Researcher at the General Secretariat of the Presidency of the Republic (1995–2003), Dean of the Faculty of Legal and Political Sciences of the University of Douala (2003–2005), Director of the Institute of International Relations of Cameroon (2005–2012), Member and President of the Sub-Commission on Civil and Political Rights of the National Commission for Human Rights and Freedoms (since 2006).

Since 2012, he has been Vice-President of the African Association of International Law and is a member of the Cameroonian delegation to the United Nations Cameroon-Nigeria Mixed Commission and the Green tree Accord Commission on the Implementation of the Agreement. implementation of the judgment of the International Court of Justice in the case of the border dispute between Cameroon and Nigeria.

He is Special Advisor to the Presidency of the Republic from 2011 to 2015.

He is named in the government of Philemon Yang Minister of Arts and Culture on October 2, 2015.

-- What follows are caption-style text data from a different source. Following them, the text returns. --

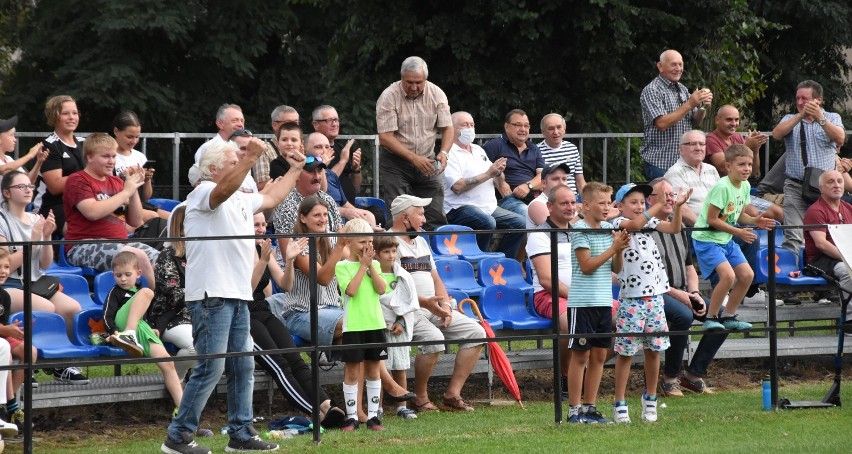 4. liga. W Jawiszowicach jak Adrian Korczyk nie może, to los Dawida Hałata pośle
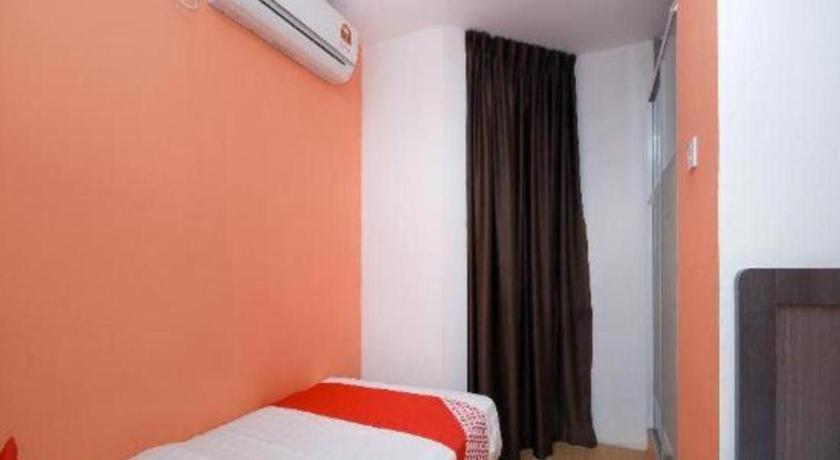 Oyo 1111 Harmony Stay Miri Exteriör bild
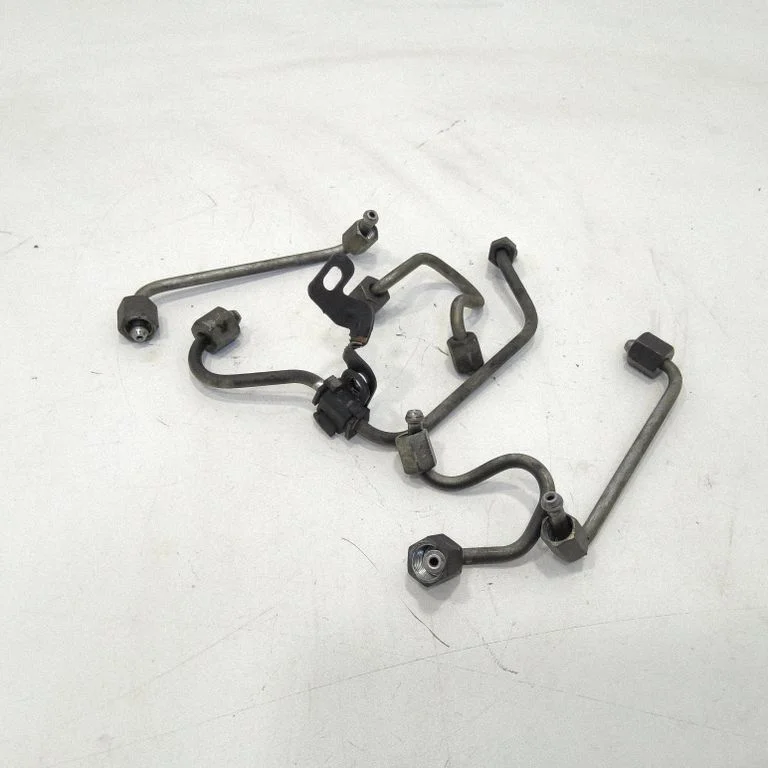 Fuel injector supply line/pipe – front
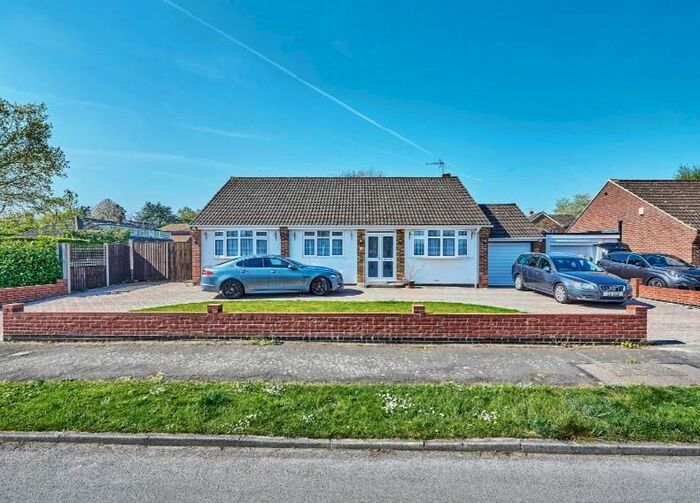 4 Bedroom Bungalow To Rent In Cheverells Close, Markyate, St. Albans, AL3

Narcisse Mouelle Kombi is an alternate member of the central committee of the CPDM, the party of Paul Biya (since the Yaoundé congress of 2011). He has accomplished various political missions under the banner of this party since 1997 in the district of Yabassi, the department of Nkam or the Littoral region; and at the national level, as Vice-President of the Communication Sub-Commission established during various events or elections. He is among others, the initiator and the spokesman of the Appeal of the Cameroonian Intelligentsia in favour of the candidacy of the president Paul Biya to the presidential election of 2004.

== Publications ==
He is the author of thirty scientific publications including four books:

- The imperatives of international law, Yaoundé, CRA, 1996;
- Cameroon's foreign policy, Paris, L'Harmattan, 1996 (ISBN 978-2738437013);
- Preventive war and international law, Paris, Dianoïa, 2006 (ISBN 978-2913126329);
- Democracy in Cameroonian Reality, Paris, Dianoïa, 2013. (ISBN 978-2913126930).

In the literary field, he is the author of:

- Translated from events, poems, Douala, AfricAvenir Editions, 1986;
- Such a tragic Dawn, Poems, Douala, AfricAvenir Editions, 1986;
- The Imperfect of Exile, Yaoundé, Editions Clé, 2010;

Having used his pen as a freelance journalist in the years 1980–1990, he published dozens of articles in pan-African magazines such as Bingo or Amina of the press group directed in Paris by Michel de Breteuil.

== Distinctions and other activities ==

- Knight of the Order of the Value of Cameroon;
- International Poetry Prize of the International Circle of Thought and Arts (CIPAF), 1980;
- First Poetry Prize of the National Association of Poets and Writers of Cameroon (APEC), 1986;
- Delegate of the Ideal ICG, Joint Initiative Group working for the development of Ecotourism and Sustainable Agriculture in the Wouri Valley;
- Member of several learned societies.